For the lining on the white twill, I picked out a colour that was aptly named "BLUEBERRY", which was a close fit to the picture above.
What you'll need to do:
You'll need 3.5 m of 1.44 m wide fabric and about 3 m for the lining safely
Front Bodice: Cut 2
Side Front Bodice: Cut 2
Lower Front: Cut 2
Side Back: Cut 2 (cut 2 lining)
Back: Cut 2 (Lining cut 1 on fold(altered) with standard pleat)
Pocket: Cut 4 lining only
Upper/Under Collar: Cut 1 on bias fold (same for interfacing,lining)
Upper sleeve: Cut 2 (Cut 2 for lining)
Lower sleeve: Cut 2 (Cut 2 for lining)
Front facing: Cut 2 (cut 2 interfacing)
Onto the instructions already.....geez
Since I have 2 versions I will probably toggle using both source pictures, so, you are seeing the same thing done for each, nothing has changed.

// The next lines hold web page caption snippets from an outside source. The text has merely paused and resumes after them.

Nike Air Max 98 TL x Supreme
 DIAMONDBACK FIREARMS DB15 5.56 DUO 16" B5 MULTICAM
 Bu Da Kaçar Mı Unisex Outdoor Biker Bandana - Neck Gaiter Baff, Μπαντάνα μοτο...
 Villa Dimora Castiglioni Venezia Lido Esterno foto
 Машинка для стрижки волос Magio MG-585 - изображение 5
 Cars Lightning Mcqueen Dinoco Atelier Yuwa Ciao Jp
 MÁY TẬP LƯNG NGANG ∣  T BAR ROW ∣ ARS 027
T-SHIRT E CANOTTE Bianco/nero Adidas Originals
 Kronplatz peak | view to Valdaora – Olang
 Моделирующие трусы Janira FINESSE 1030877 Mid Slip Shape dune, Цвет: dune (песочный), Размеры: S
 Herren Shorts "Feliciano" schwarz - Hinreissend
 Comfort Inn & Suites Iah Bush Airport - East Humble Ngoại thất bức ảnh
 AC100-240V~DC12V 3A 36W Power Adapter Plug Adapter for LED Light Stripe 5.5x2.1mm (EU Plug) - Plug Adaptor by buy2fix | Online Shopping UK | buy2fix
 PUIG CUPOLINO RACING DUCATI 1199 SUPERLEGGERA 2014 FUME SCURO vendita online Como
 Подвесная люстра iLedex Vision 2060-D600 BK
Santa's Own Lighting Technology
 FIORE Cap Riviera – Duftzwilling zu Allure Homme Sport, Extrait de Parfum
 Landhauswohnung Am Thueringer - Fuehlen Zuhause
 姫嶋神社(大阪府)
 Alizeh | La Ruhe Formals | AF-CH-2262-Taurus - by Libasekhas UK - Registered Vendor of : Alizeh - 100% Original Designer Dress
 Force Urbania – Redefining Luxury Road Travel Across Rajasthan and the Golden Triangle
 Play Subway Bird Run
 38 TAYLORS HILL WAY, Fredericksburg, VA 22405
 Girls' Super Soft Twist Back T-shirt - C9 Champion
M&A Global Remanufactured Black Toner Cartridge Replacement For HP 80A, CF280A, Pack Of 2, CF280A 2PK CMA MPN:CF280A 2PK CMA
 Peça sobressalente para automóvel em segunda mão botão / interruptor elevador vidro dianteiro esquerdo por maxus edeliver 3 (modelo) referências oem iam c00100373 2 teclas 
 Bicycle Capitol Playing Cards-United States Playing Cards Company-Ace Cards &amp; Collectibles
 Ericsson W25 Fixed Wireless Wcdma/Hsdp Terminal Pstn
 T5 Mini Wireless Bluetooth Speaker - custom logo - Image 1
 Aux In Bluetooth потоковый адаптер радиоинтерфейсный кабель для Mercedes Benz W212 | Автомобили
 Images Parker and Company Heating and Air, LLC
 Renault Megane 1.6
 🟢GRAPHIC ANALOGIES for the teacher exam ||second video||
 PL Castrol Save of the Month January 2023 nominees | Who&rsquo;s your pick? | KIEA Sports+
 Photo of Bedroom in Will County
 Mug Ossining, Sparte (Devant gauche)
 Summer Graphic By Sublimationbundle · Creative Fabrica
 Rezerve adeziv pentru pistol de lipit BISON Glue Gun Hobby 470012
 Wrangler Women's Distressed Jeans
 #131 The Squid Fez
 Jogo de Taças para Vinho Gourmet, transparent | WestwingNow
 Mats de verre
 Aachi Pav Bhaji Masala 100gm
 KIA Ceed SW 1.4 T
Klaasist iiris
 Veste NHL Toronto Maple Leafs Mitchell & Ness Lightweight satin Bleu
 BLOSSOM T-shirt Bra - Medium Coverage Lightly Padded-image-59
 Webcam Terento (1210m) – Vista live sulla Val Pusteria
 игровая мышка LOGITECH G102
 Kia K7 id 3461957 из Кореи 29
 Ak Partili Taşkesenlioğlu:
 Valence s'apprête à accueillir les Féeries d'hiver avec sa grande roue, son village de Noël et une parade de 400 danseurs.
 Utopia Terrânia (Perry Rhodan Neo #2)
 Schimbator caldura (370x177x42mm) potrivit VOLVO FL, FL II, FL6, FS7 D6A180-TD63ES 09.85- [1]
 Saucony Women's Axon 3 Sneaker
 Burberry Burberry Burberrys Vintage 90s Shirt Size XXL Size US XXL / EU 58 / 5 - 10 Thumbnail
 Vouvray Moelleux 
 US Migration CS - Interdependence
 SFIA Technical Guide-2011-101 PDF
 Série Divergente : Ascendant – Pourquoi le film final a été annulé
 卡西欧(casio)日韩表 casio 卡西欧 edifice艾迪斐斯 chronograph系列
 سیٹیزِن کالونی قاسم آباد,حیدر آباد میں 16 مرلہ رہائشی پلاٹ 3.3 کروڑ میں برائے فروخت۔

Step 1 LAYOUT Sorry about the lighting, it's gray here a lot!!!
Side back, Back, Front bodice, Under sleeve |
Over sleeve, Lower Front, Side bodice |
Collar piece which is both under and over collar cut 1 on the BIAS fold. Same for lining. (Here I have a 1:1:sqrt(2) special triangle to make sure my fabric is folded on the true bias) |
I used a 2 cm add on allowance and hem allowance in all places except the collar, pocket seams and arm hole areas.(I only add a 1 cm seam allowance) I need all the space I can get. My shoulders are quite narrow so, increasing that would be tragic. All seams will be sewn with a 1 cm seam allowance thus increasing the overall size of my garment.
I have to overlock my fabric pieces because I am getting crazy amounts of fluffage.(extreme fabric dust) for the boucle but not for the white twill.
Step 2 Centre back seam.
With right sides together, sew the centre back seam where it says "seaming half back". No match point letters here. Just the straight edge running all the way down from neck to knee hem is your centre back seam.
Step 3 Lower Front Halves
Pleating
Mark or transfer your pleat lines for both sides on the lower fronts.
IMPORTANT: Mark your pocket placement line on both sides. Mark notches where the seam buttonhole will sit.
DO NOT cut out the pleat area. Cut piece as it is intact and whole(see piece in layout).
Fold the pleats in the direction away from the centre front. Note the B match point on the second pleat. Baste across each pleat on each side for now. Press pleats. It is suggested that the pleats are edge stitched down that doubles as a top stitch.
Bring lines together towards the CB. Baste pleats and stitch a permanent stitch |
Step 4: In seam pockets
I am going to have to serge my pocket lining because I know acetate lining frays like crazy!
At first, where the placement line is on the lower front of the coat kind of threw me off because it doesn't really sit very close to the seam line so, in looking at the conceptual drawing, how are we doing this??
Well, in zooming in on the picture, and looking at how the pocket pieces will fit at the seam line, it looks as though I will have to pleat again!!! Anyway, that is what I see and I assume I can do anything to make it work, and hence look in good and acceptable in public.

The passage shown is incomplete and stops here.